"Do now, do now, what you will wish to have done when your moment comes to die." [St. Angela Merici]

Wednesday, March 6, 2013

Going Forward Through the Past

By Micky Wolf

The idea of traveling through time is one which has fascinated people for generations. An entertaining trilogy of films featuring the character of Marty McFly, played by Michael J. Fox, is no exception. Finding himself catapulted into the past—the days when his parents were fickle-in-love-out-of-love teenagers—he quickly realizes he needs to do everything he can to make sure these two people stay in love, and then decide to get married, otherwise he literally won’t be around to tell about it.

How many times have we thought or felt it would a great idea to go back to the past in order to assure—or in some cases alter—the course of the events of our present life? Conversely, how many times have we thought it would be a great idea to avoid, at all costs of time or energy, visiting anything that has to do with our past?

The truth of the matter is God sees the entirety of our days from a perspective only He can know and understand. And while we may not be able to jump into a shiny, time-traveling vehicle for whatever reason, choosing to visit our past, on occasion, can provide us with immeasurable blessings. By making the choice to move forward through the past and cooperate with the work of God within our hearts, time travel of this nature transcends the constraints of our earthly world, opening our soul to healing, transformation and new life beyond our wildest dreams.

What can we hope to discover by going forward through the past?

God is timeless and without limitation of time

As human beings, we live in mortal bodies. Born into this world, we live out the moments of time God has preordained for us. However, in being wonderfully made in His image and likeness, our soul—the essence of our being which animates all that we are and all that we do—lives on into Eternity. 

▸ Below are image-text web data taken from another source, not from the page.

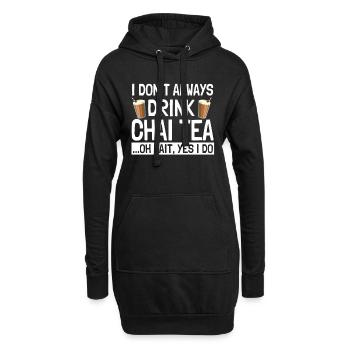 Lustiger Chai Tee Spruch Liebe Chai Latte - Hoodie-Kleid - Schwarz - Vorne
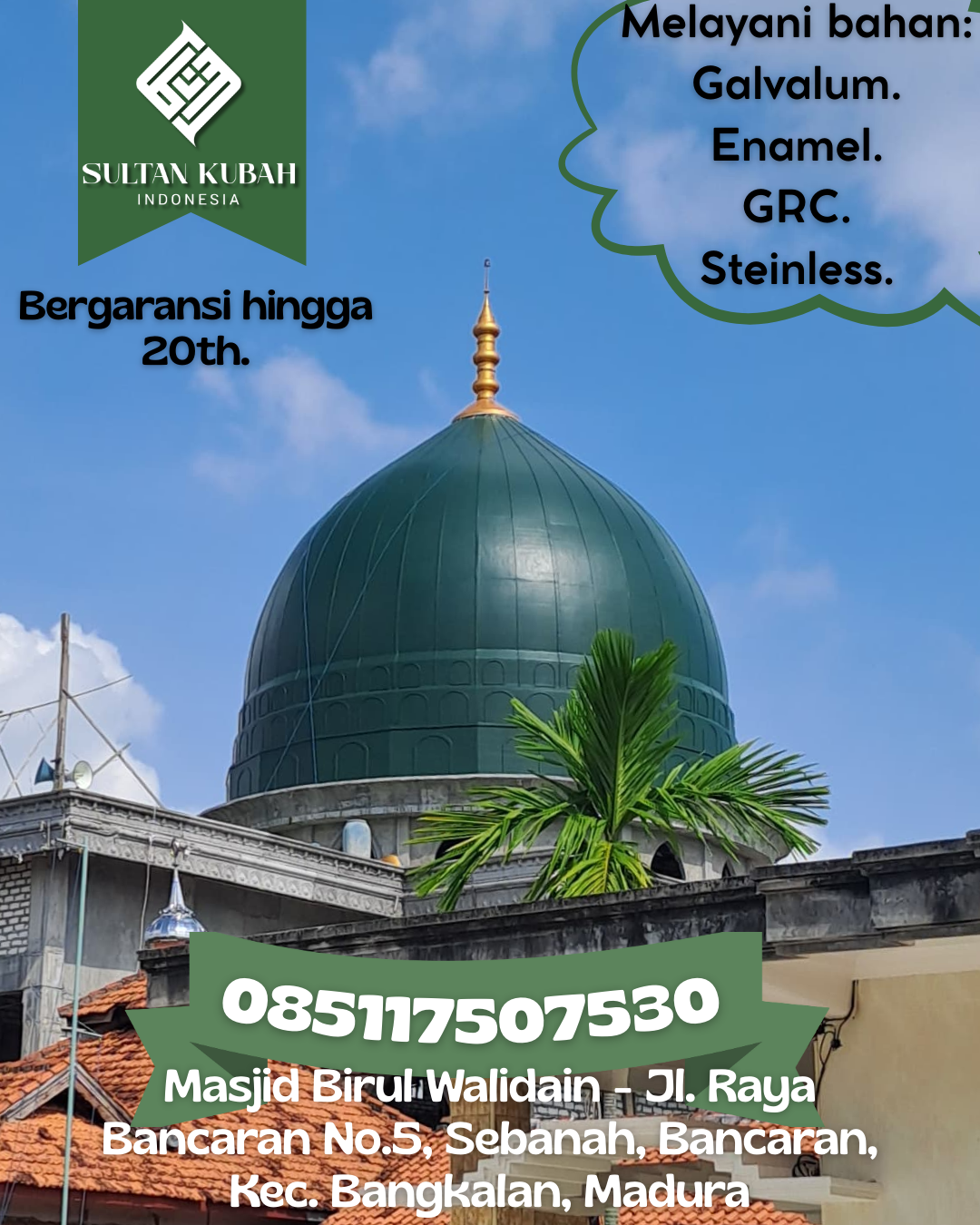 Termurah Kubah Masjid GRC Model Klasik dan Modern Kualitas Terbaik 085117507530 Talisayan — Kab. Berau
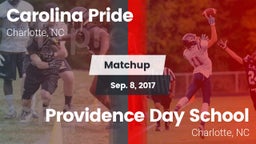 Matchup: Carolina Pride vs. Providence Day School 2017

God did not breathe us into being, only to forget about us, or ignore us in the midst of the often tumultuous events that comprise an ordinary life. Because His love, mercy, and grace are not confined to our humanly defined measures of time, He can stir within us at any given moment. In those stirrings of our thoughts and feelings, He may impart wisdom, healing, or restoration of our body, mind, or spirit. 

What is our part? Being open and available, to be willing to actively participate in the ongoing growth and development of our relationship with Our Father, Jesus our Beloved, and the Holy Spirit, our companion and guide.

God desires to show us His presence in all moments

Whether in the moments of greatest light and consolation, or in the deepest, darkest experiences of desolation, God is aware of our joys and our tribulations. As a child, we may have found it exceedingly difficult to understand how God’s loving presence was possible in the midst of a family torn apart by abuse or addiction issues. Or, as we grew older and made choices which resulted in the sins of our youth, we question how—or if—God could really forgive us. Let alone a more challenging reality, that of forgiving self.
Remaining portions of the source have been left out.